| Assignment |
Each line below should be restated exactly, with nothing dropped.

| Exercise data |
● ● ● ● ●
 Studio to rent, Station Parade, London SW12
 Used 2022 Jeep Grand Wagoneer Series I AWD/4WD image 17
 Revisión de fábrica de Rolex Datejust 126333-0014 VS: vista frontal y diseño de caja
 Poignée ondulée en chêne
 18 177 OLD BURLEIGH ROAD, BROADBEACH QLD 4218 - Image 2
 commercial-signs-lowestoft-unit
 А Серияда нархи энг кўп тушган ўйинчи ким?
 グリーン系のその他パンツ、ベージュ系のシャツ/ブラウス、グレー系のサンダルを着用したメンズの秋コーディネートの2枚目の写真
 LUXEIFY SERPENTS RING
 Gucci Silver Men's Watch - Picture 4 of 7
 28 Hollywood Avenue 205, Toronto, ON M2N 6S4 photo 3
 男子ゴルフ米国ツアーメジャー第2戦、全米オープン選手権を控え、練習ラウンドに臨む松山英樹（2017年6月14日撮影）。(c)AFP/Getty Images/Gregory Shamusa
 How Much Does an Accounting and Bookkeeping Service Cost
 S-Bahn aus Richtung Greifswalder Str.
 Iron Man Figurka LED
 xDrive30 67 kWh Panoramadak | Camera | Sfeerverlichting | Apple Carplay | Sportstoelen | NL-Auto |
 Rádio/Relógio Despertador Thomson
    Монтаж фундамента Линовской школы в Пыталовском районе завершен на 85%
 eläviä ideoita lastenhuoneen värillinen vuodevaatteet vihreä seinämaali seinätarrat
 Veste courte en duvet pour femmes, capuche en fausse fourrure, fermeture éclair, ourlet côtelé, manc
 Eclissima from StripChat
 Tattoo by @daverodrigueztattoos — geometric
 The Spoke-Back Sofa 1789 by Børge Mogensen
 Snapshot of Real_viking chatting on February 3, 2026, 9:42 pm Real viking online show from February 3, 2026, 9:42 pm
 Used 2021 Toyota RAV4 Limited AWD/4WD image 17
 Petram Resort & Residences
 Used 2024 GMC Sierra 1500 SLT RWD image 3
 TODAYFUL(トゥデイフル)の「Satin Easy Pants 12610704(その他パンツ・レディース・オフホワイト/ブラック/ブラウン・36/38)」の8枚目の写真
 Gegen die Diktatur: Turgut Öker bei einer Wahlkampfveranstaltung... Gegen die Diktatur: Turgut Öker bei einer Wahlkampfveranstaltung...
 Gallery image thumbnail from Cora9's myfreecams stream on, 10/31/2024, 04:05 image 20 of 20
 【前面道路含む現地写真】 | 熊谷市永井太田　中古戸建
● ● ● ● ●
| Output of the task |
 Studio to rent, Station Parade, London SW12
 Used 2022 Jeep Grand Wagoneer Series I AWD/4WD image 17
 Revisión de fábrica de Rolex Datejust 126333-0014 VS: vista frontal y diseño de caja
 Poignée ondulée en chêne
 18 177 OLD BURLEIGH ROAD, BROADBEACH QLD 4218 - Image 2
 commercial-signs-lowestoft-unit
 А Серияда нархи энг кўп тушган ўйинчи ким?
 グリーン系のその他パンツ、ベージュ系のシャツ/ブラウス、グレー系のサンダルを着用したメンズの秋コーディネートの2枚目の写真
 LUXEIFY SERPENTS RING
 Gucci Silver Men's Watch - Picture 4 of 7
 28 Hollywood Avenue 205, Toronto, ON M2N 6S4 photo 3
 男子ゴルフ米国ツアーメジャー第2戦、全米オープン選手権を控え、練習ラウンドに臨む松山英樹（2017年6月14日撮影）。(c)AFP/Getty Images/Gregory Shamusa
 How Much Does an Accounting and Bookkeeping Service Cost
 S-Bahn aus Richtung Greifswalder Str.
 Iron Man Figurka LED
 xDrive30 67 kWh Panoramadak | Camera | Sfeerverlichting | Apple Carplay | Sportstoelen | NL-Auto |
 Rádio/Relógio Despertador Thomson
    Монтаж фундамента Линовской школы в Пыталовском районе завершен на 85%
 eläviä ideoita lastenhuoneen värillinen vuodevaatteet vihreä seinämaali seinätarrat
 Veste courte en duvet pour femmes, capuche en fausse fourrure, fermeture éclair, ourlet côtelé, manc
 Eclissima from StripChat
 Tattoo by @daverodrigueztattoos — geometric
 The Spoke-Back Sofa 1789 by Børge Mogensen
 Snapshot of Real_viking chatting on February 3, 2026, 9:42 pm Real viking online show from February 3, 2026, 9:42 pm
 Used 2021 Toyota RAV4 Limited AWD/4WD image 17
 Petram Resort & Residences
 Used 2024 GMC Sierra 1500 SLT RWD image 3
 TODAYFUL(トゥデイフル)の「Satin Easy Pants 12610704(その他パンツ・レディース・オフホワイト/ブラック/ブラウン・36/38)」の8枚目の写真
 Gegen die Diktatur: Turgut Öker bei einer Wahlkampfveranstaltung... Gegen die Diktatur: Turgut Öker bei einer Wahlkampfveranstaltung...
 Gallery image thumbnail from Cora9's myfreecams stream on, 10/31/2024, 04:05 image 20 of 20
 【前面道路含む現地写真】 | 熊谷市永井太田　中古戸建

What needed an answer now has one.